Here, /<anything>?redir=foo will be rewritten to /cgi-bin/redirect-handler.cgi?r=foo

Note that the <anything> path info (if present in the requested URL-path) is dropped (lost) in this example.

If additional query parameters may be present and must be preserved, then the code get a little complicated. If that's the case, then let us know.

Jim

rocknbil

6:44 pm on Jan 25, 2011 (gmt 0)

WebmasterWorld Senior Member 10+ Year Member



I assume the result of calling example.com/foo?redir=bar will be /cgi-bin/redirect-handler.cgi?r=redir=bar


Correct, but don't see how the two equal signs are the problem (though it is "clunky," see below . . .)

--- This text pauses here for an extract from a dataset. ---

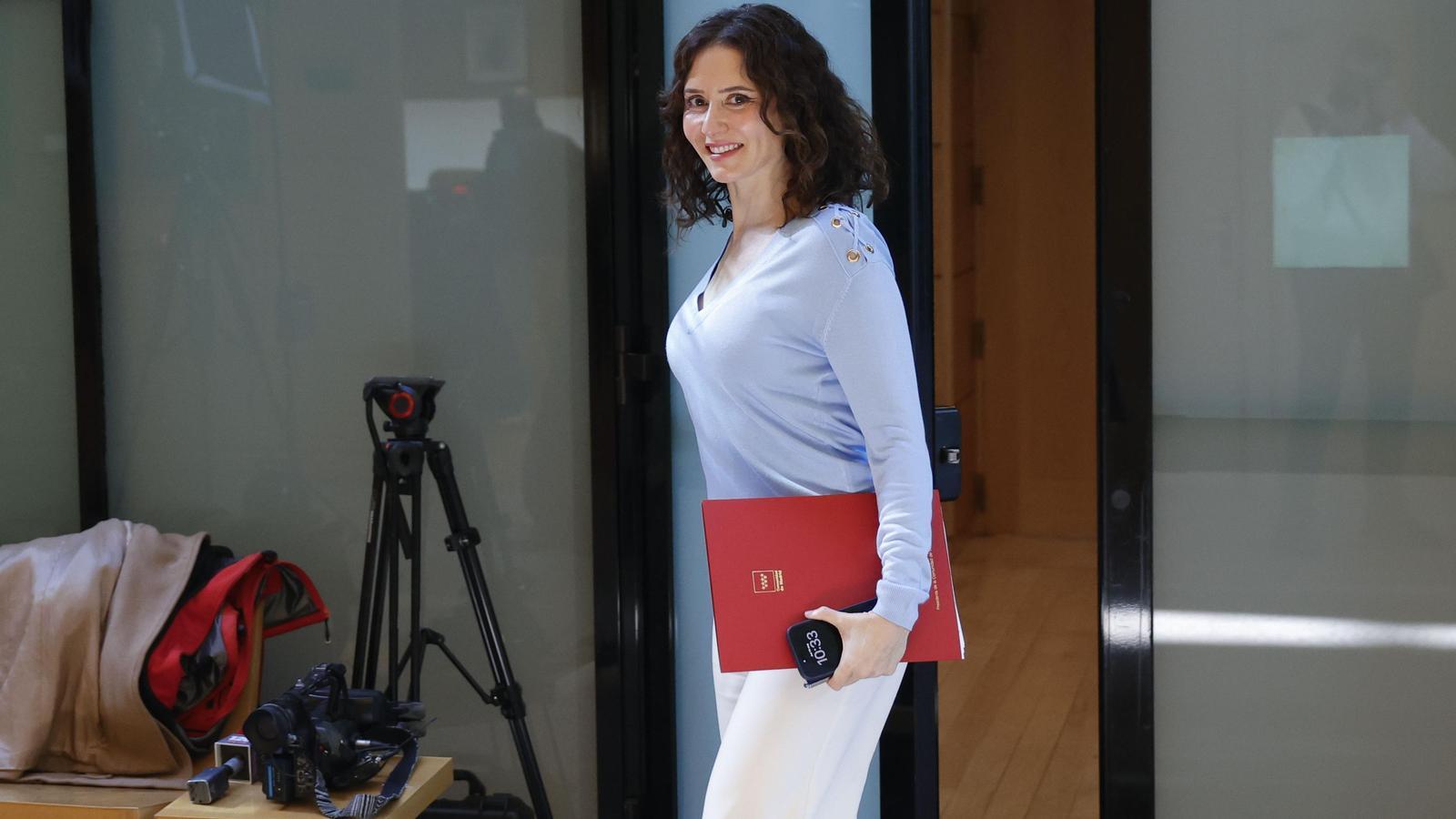 Ayuso'dan Tarihi Gerçekleri Saptıran Tartışmalı Çıkış: "Meksika, İspanyollar Gelene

It should result in an infinite loop, because the output path matches the rewriterule pattern and the rewritecond


It didn't, and I don't see how? ^redir and ^r are not the same (?) However as always your solution is much more efficient (though I think I did try that in one permutation) but the result is the same: without

[R=301,L]

I get a not found for /cgi-bin/redirect-handler.cgi. Which is weird, it's obviously there, and functional, I can request it with test URL's like the one g1smd demonstrated.

If it's helpful, this is redirecting URL's on an acquired site server A to reciprocal URL's on server B. It's been determined that the link juice is irrelevant and to make it easy for the users, with an interim message as to why they've landed here (which is the only reason for the query string, to hook it from regular requests.) Server A 301's server-a/file.html as server-b/file.html?redir=file.html (I could just make this some trivial unique string, but having the file name in query string is handy.) redirect-handler.cgi parses out the query string (which is why the two ='s were of no real consequence.) The goal here, redirect-handler.cgi captures only these requests, gets the requested file with curl, and outputs it with a couple lines of Javascript to lightbox the interim message, leaving the entire site files untouched (which is difficult anyway, they are all in Wordpress.)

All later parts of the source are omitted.